> [WHAT THIS TASK INVOLVES]
Using the records below, write out only the lines from the line containing "Chaise Lounge Indoor, Lounge" up to and including the line containing "hessnatur hessnatur Herren", exactly, with no pictures.

> [DATA RECORDS]
-- Opening Marker --

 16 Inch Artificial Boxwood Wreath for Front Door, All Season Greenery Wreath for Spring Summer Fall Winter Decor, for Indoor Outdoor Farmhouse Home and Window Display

-- Closing Marker --
-- Opening Marker --

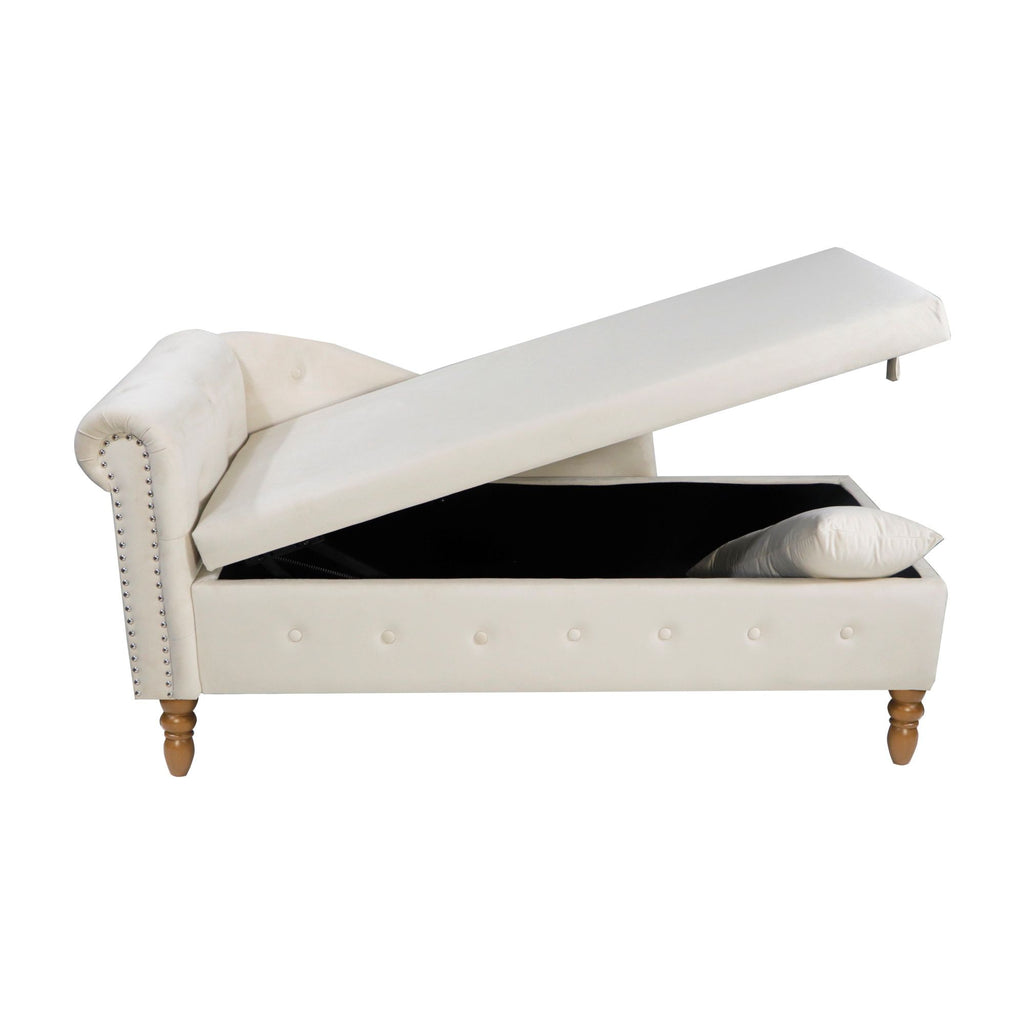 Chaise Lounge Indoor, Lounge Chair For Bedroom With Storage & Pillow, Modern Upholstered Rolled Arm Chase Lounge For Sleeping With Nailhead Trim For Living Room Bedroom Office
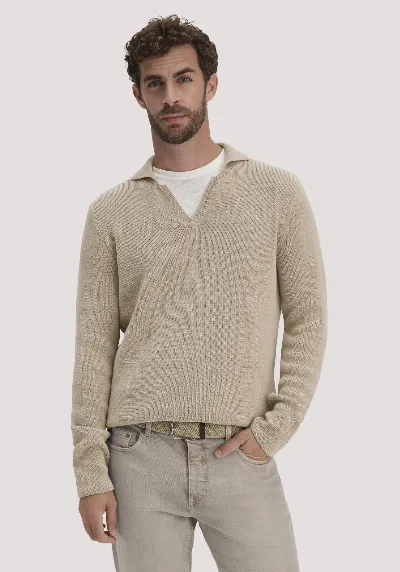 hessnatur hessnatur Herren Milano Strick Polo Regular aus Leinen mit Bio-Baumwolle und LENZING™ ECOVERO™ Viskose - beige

-- Closing Marker --

> [RESULT FOR THIS EXERCISE]
 Chaise Lounge Indoor, Lounge Chair For Bedroom With Storage & Pillow, Modern Upholstered Rolled Arm Chase Lounge For Sleeping With Nailhead Trim For Living Room Bedroom Office
 hessnatur hessnatur Herren Milano Strick Polo Regular aus Leinen mit Bio-Baumwolle und LENZING™ ECOVERO™ Viskose - beige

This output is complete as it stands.